質疑応答:脳出血に関する特許の出願人について

司会者:「4月2日付で掲載された脳出血に関する特許の特許査定について、出願人がBiogen社となっていますが、JIXING社に譲渡されたものではないのでしょうか。特許は今もBiogen社が保有しているのでしょうか?」というご質問です。

若林:脳出血に関わる特許は、当社からBiogen社に譲渡されて、現時点ではBiogen社からJIXING社に譲渡済みです。一部のデータベースではまだBiogen社が名義人となっていますが、名義書換がまだ終了していないだけで、所有権はJIXING社に移転しています。

なお、この特許の内容はすでに論文等で発表されています。マウスを使った実験において、「TMS-007」が脳出血を引き起こさないだけではなく、脳出血を積極的に抑える可能性もあるという結果が出ており、当社としても重要な特許であると考えています。

質疑応答:JIXING社への譲渡に同意する決め手について

司会者:「貴社がJIXING社への譲渡に同意する決め手となった要因は何でしょうか?」というご質問です。

若林:JIXING社を譲渡先としたことは、当社ではなくBiogen社が選択したことです。
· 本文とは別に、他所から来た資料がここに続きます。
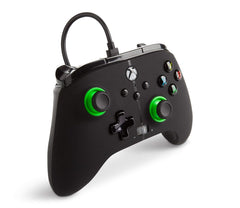 PowerA Xbox X/S & One Enhanced Wired Controller - Green Hint [Xbox Series X/S/Xbox One Accessory] Xbox Series X/S Accessory PowerA   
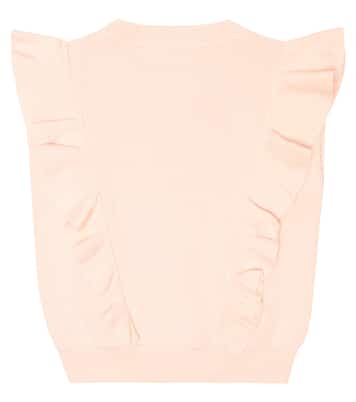 Pullover in cotone e lana a trecce | Chloé Kids
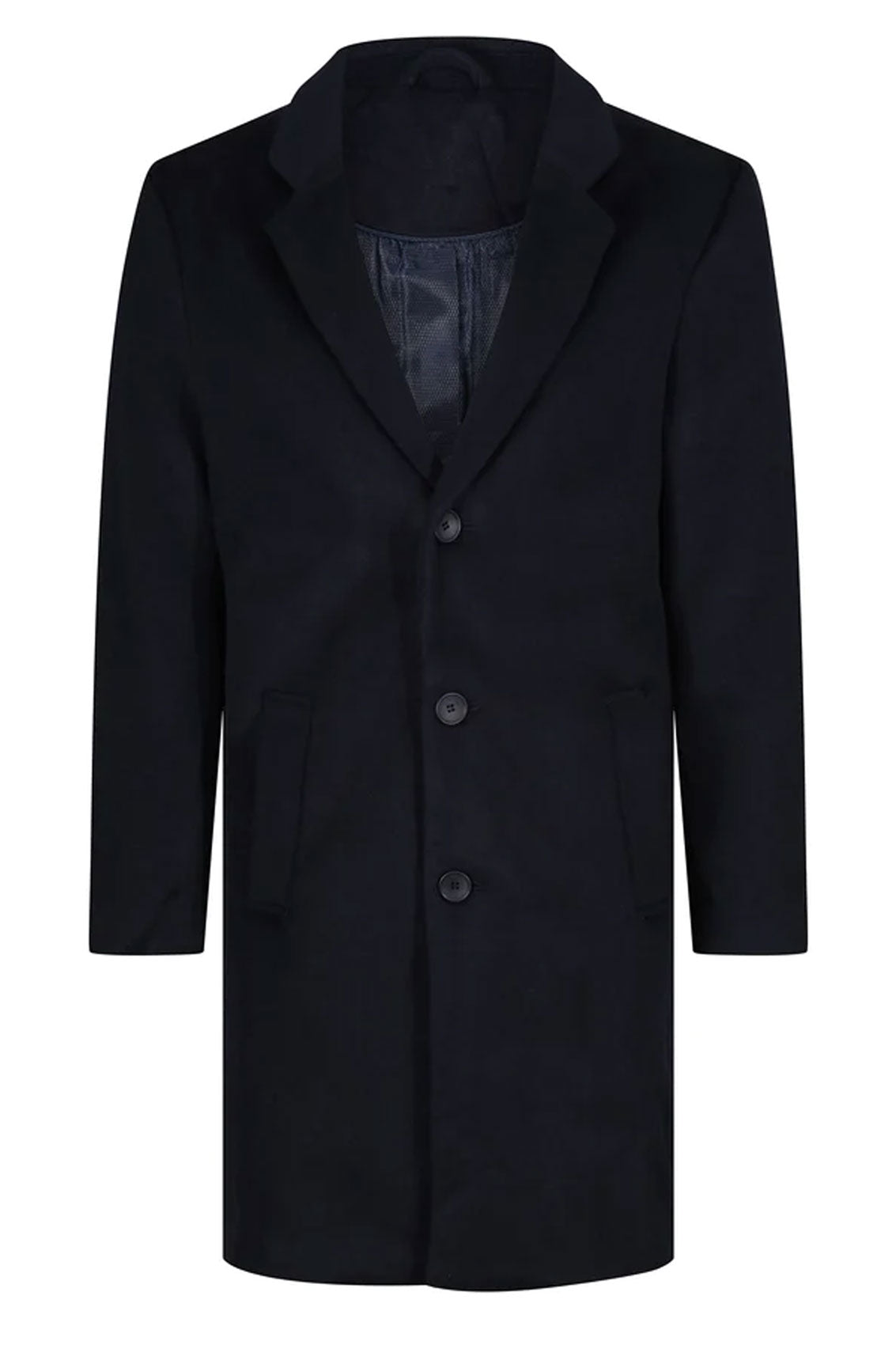 Navy Overcoat Covert Winter Coat - Brand New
オプション契約に関する条件変更の交渉等がさまざまある中で、当社は条件変更に関して拒否できる立場にはありましたので、消極的には同意しています。

ただし、JIXING社を譲渡先としたことについてマイナスと捉えているわけではありません。いろいろな契約交渉を通して、JIXING社やJIXING社を設立した投資会社であるRTW社のいろいろな方と話していく中で、構想力も実行力も非常に優れていると考えています。とてもよい相手先をBiogen社に見つけていただけて、非常に喜ばしいと思っています。

質疑応答:「JX09」の競合品との比較における優位性について

司会者:「『JX09』は、競合品との比較においてどのような優位性があるのでしょうか?」というご質問です。

若林:アルドステロン合成阻害剤に関しては、現在、アストラゼネカ社とミネラリス セラピューティクス社が第Ⅲ相臨床試験を進めているところです。同じ作用機序のもので臨床試験に入っているため、主要な競合としてはこの2つが考えられます。

「JX09」の優位性は、先ほどお伝えしたとおり、「CYP11B2」に対する選択的阻害性を持っており、類似構造をもつ「CYP11B1」を(「CYP11B2」の1/300程度しか)抑えないところが非常に優れていることだと考えています。先に進んでいるものがありますが、ベスト・イン・クラスを目指せる可能性があるのではないかと考えています。

若林氏からのご挨拶

若林:本日は大変ご多用の中、当社の2024年2月期決算説明会にご参加いただき、ありがとうございました。昨年度は提携先がBiogen社からJIXING社に変わるという非常に大きな変化がありました。

「TMS-007」の開発が再スタートしたため、これから開発をさらに加速していき、他のパイプラインも充実させていきながら企業価値を高める努力を引き続き行っていきたいと考えていますので、どうぞよろしくお願いします。ご清聴ありがとうございました。